Question

If the current density as a function of distance ‘r’ from the axis of a radially symmetrical parallel stream of electrons is given as $j(r) = \dfrac{{xb(\alpha + 1)}}{{{\mu _0}}}{r^{(\alpha - 1)}}$ if the magnetic induction inside the stream varies as $B = b{r^\alpha }$, where $b$ and $\alpha$ are positive constants. Find $x$

Answer 1

Hint
This question is based on the concept of the current density of the parallel stream of electrons and related magnetic induction. We can use the ampere's circuital law and on equating both the sides we will get the value of $x$
In this solution we will be using the following formula,
$\Rightarrow \oint {\vec B \cdot d\vec l} = {\mu _o}I$
where $\vec B$ is the magnetic field, ${\mu _o}$ is the permittivity and $I$ is the current

Complete step by step answer
In the question we are given the current density.
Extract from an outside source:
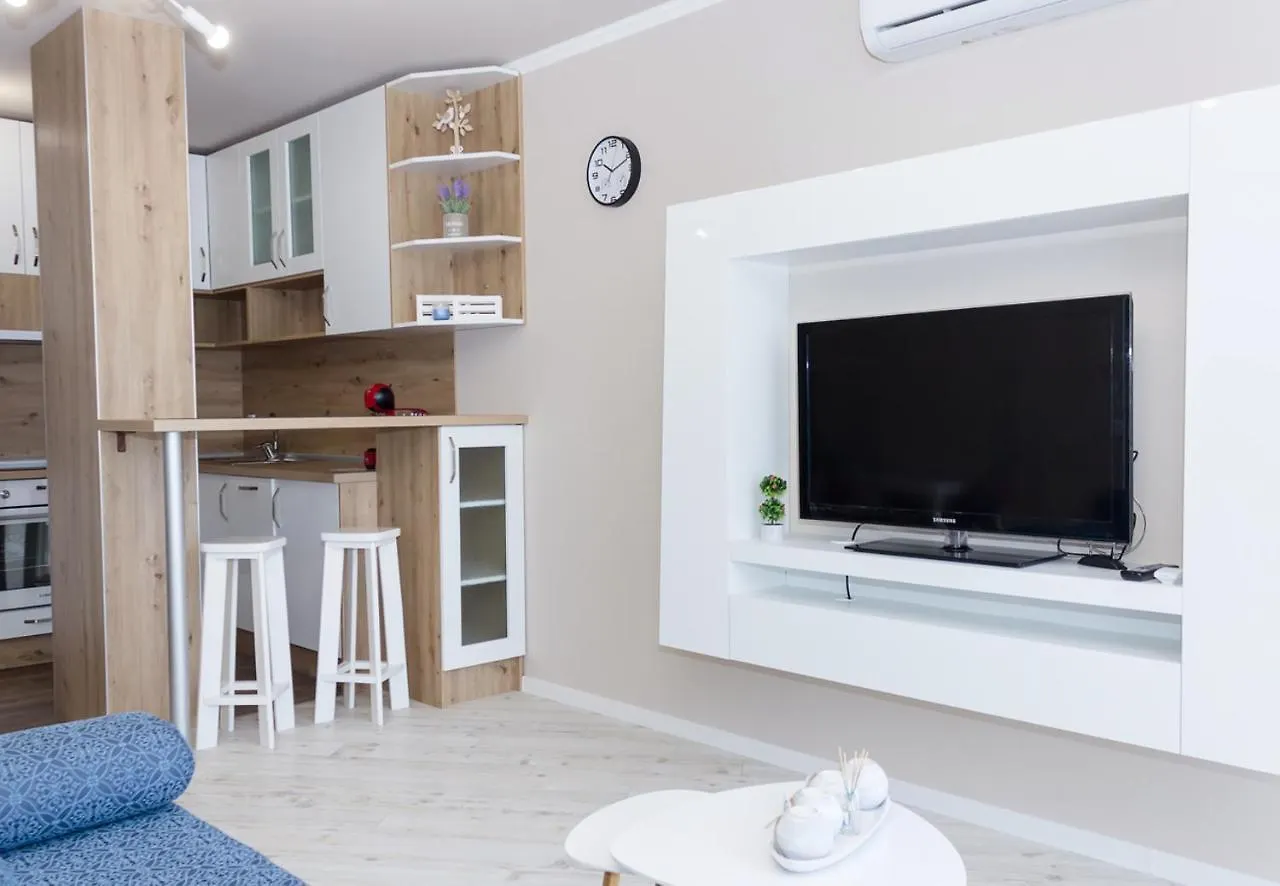 Sunny Blue One-Bedroom Flat With Balcony By Flat Mаnager Varna 0*,  Bulgaria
Let us consider the electrons are flowing in a stream of radius $r$. We consider a thin ring on the surface area of the stream having radius $r'$. So the area of this ring is,
$\Rightarrow A = 2\pi r'dr'$
So the current in this ring is the product of the current density and the area,
$\therefore dI = j\left( {r'} \right)2\pi r'dr'$
So for the whole current we integrate in the range from 0 to $r$. Hence we get,
$\Rightarrow I = \int {dI}$
Substituting the values and the limit we have,
$\Rightarrow I = \int\limits_0^r {j\left( {r'} \right)} 2\pi r'dr'$
In the question we are given
$\Rightarrow j(r) = \dfrac{{xb(\alpha + 1)}}{{{\mu _0}}}{r^{(\alpha - 1)}}$
Substituting in the equation we get
$\Rightarrow I = \int\limits_0^r {\dfrac{{xb(\alpha + 1)}}{{{\mu _0}}}{{r'}^{(\alpha - 1)}}2\pi r'dr'}$
Taking all the constants out of the integration
$\Rightarrow I = \dfrac{{xb(\alpha + 1)2\pi }}{{{\mu _0}}}\int\limits_0^r {{{r'}^{(\alpha - 1)}}r'dr'}$
Therefore we have,
$\Rightarrow I = \dfrac{{xb(\alpha + 1)2\pi }}{{{\mu _0}}}\int\limits_0^r {{{r'}^\alpha }dr'}$
On integrating we get,
$\Rightarrow I = \dfrac{{xb(\alpha + 1)2\pi }}{{{\mu _0}}}\left. {\dfrac{{{{r'}^{\left( {\alpha + 1} \right)}}}}{{\left( {\alpha + 1} \right)}}} \right|_0^r$
On substituting the limits,
$\Rightarrow I = \dfrac{{xb(\alpha + 1)2\pi }}{{{\mu _0}\left( {\alpha + 1} \right)}}\left[ {{r^{\left( {\alpha + 1} \right)}}} \right]$
On cancelling $\left( {\alpha + 1} \right)$ from numerator and denominator,
$\Rightarrow I = \dfrac{{xb2\pi }}{{{\mu _0}}}\left[ {{r^{\left( {\alpha + 1} \right)}}} \right]$
Now we are given $B = b{r^\alpha }$
So the integration $\oint {\vec B \cdot d\vec l}$ gives,
$\Rightarrow \oint {\vec B \cdot d\vec l} = \oint {b{r^\alpha }d\vec l}$
Taking the constants out and integrating we get,
$\Rightarrow \oint {\vec B \cdot d\vec l} = b{r^\alpha }\oint {d\vec l}$
The line integration gives,
$\Rightarrow \oint {\vec B \cdot d\vec l} = b{r^\alpha }2\pi r$
From the ampere’s circuital law,
$\Rightarrow \oint {\vec B \cdot d\vec l} = {\mu _o}I$
So substituting the values we have,
$\Rightarrow b{r^\alpha }2\pi r = {\mu _0}\dfrac{{xb2\pi }}{{{\mu _0}}}\left[ {{r^{\left( {\alpha + 1} \right)}}} \right]$
Cancelling the same terms from both sides,
$\Rightarrow {r^\alpha }r = x\left[ {{r^{\left( {\alpha + 1} \right)}}} \right]$
Therefore, we can write from the above equation $x = 1$.

Note
The Ampere’s circuital law in electromagnetism relates the integrated magnetic field in a closed loop to the current passing through that loop with a constant of proportionality called the permittivity in free space. It is given by the form, $\oint {\vec B \cdot d\vec l} = {\mu _o}I$.